*** Data in this exercise ***
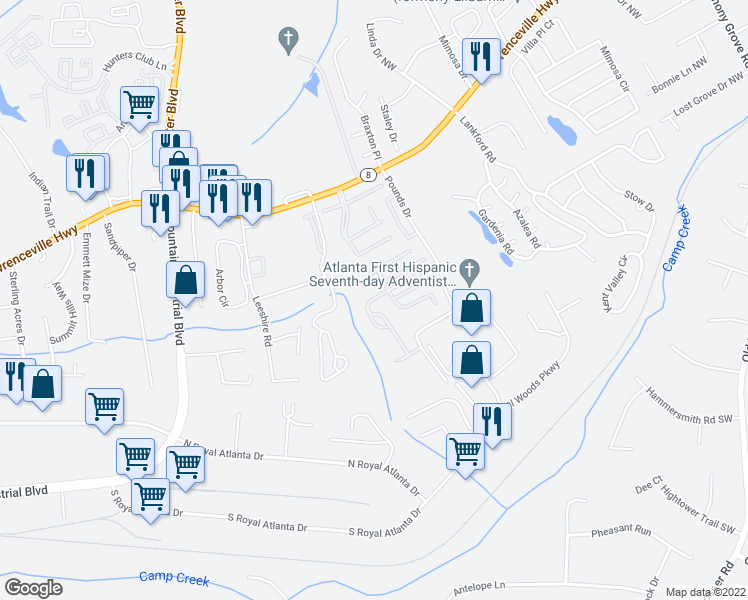 map of restaurants, bars, coffee shops, grocery stores, and more near 6231 Thorncrest Drive in Tucker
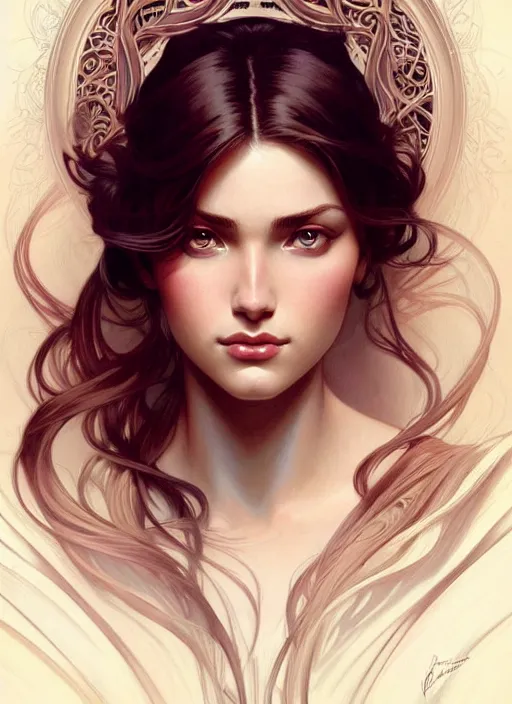 Image similar to portrait of young woman perfection, beautiful hair, symmetrical! intricate, elegant, highly detailed, in love with a handsome man!! digital painting, artstation, concept art, smooth, sharp focus, illustration, art by artgerm and greg rutkowski and alphonse mucha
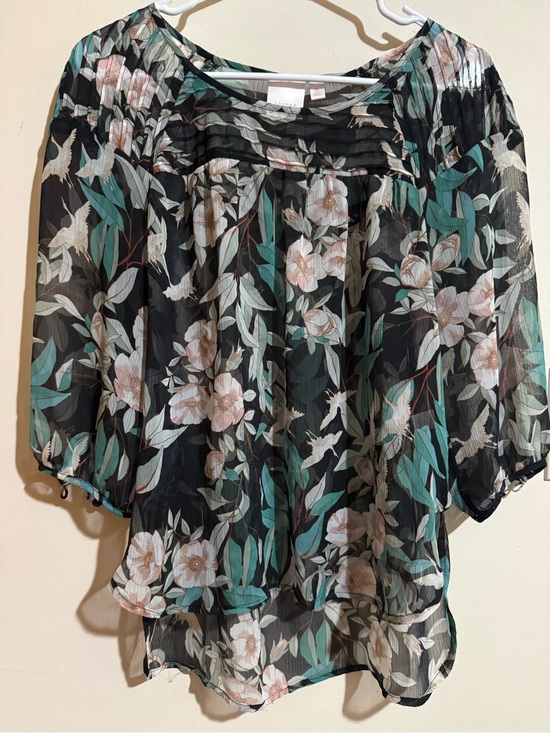 LC Lauren Conrad Tops - LC Lauren Conrad Black Sheer Floral Blouse with Teal & Blush Accents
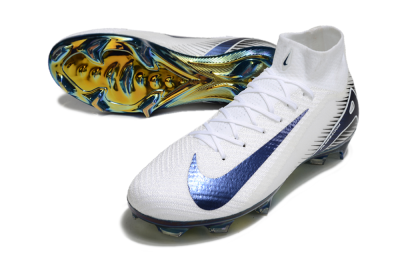 Nike Air Zoom Mercurial Superfly 10 Elite FG Football Boots - White/Blue/Gold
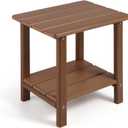 Apolimi Adirondack Outdoor Side Table, 2-Tier Sturdy Patio End Table Weather Resistant, 16.5" Solid Side Table for Patio, Pool, Porch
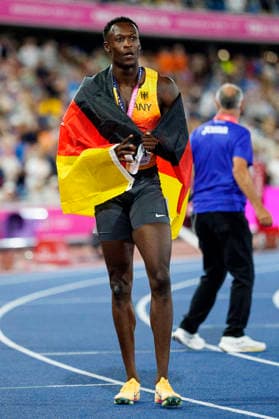 BIRMINGHAM, GREAT BRITAIN - AUGUST 11, 2026 : Owen ANSAH (GER Germany) takes bronze over 100m during the European Athletics Championships at Alexander Stadium on August 11, 2026 in Birmingham, Great Britain. Great Britain Copyright: xLeahxKohringx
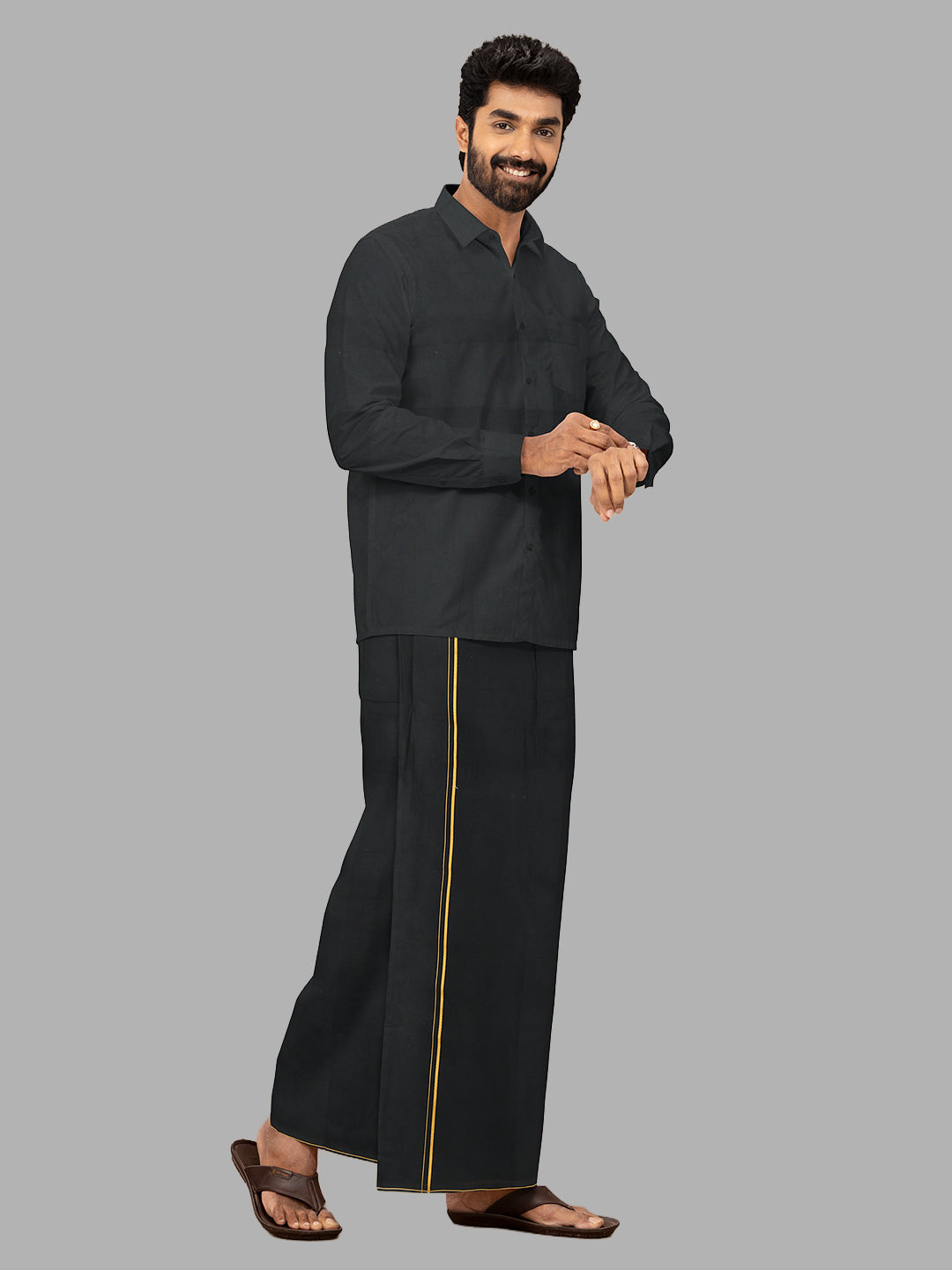 Men Cotton Blend Single Layer Black Dhoti & Towel Set with Yellow Small Border Sudhan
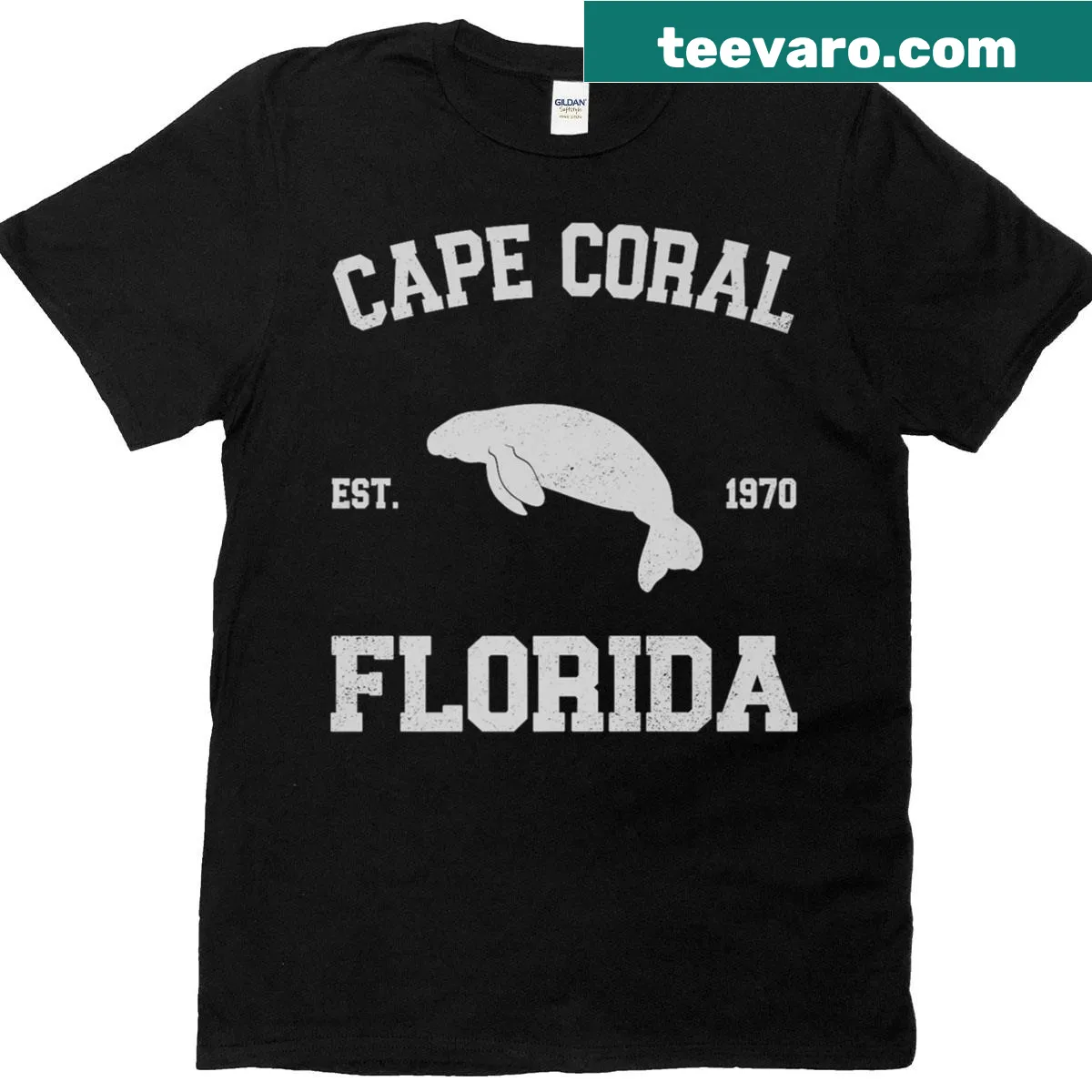 Stylish t-shirt featuring Cape Coral text design — on a men's t-shirt
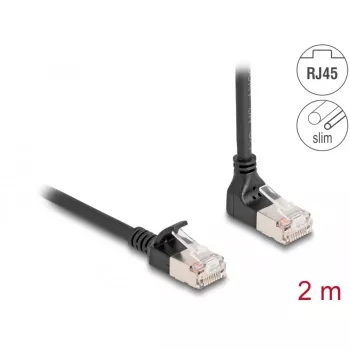 Delock - Network Cable - RJ-45 (M) Upward angewinkelt to RJ-45 (M) straight - 2,0m - 4,5 mm - S/FTP - CAT 6a - Shielded, Halogen-Free - Black (80288)
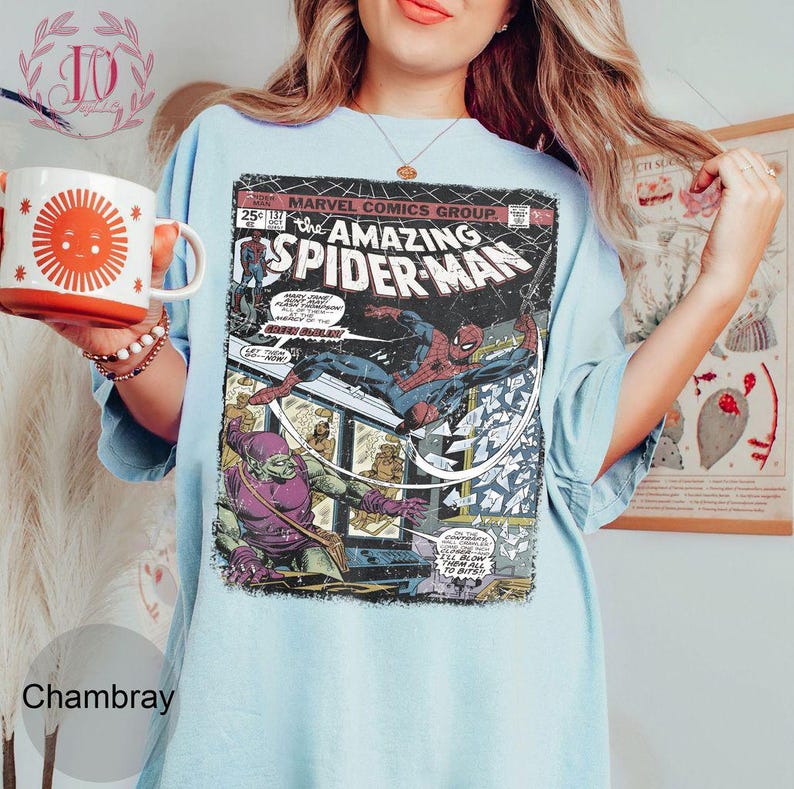 Retro Marvel The Amazing Spider-Man Retro Comics Book Cover Vintage Shirt, MCU Fans Marvel Studios Disneyland Family Vacation Holiday Gift image 6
***
Work required. Without the pictures, repeat the entries above line by line, from the first through the one that contains "Nike Air Zoom", both ends included.

Response to the task.
 map of restaurants, bars, coffee shops, grocery stores, and more near 6231 Thorncrest Drive in Tucker
 Image similar to portrait of young woman perfection, beautiful hair, symmetrical! intricate, elegant, highly detailed, in love with a handsome man!! digital painting, artstation, concept art, smooth, sharp focus, illustration, art by artgerm and greg rutkowski and alphonse mucha
 LC Lauren Conrad Tops - LC Lauren Conrad Black Sheer Floral Blouse with Teal & Blush Accents
 Nike Air Zoom Mercurial Superfly 10 Elite FG Football Boots - White/Blue/Gold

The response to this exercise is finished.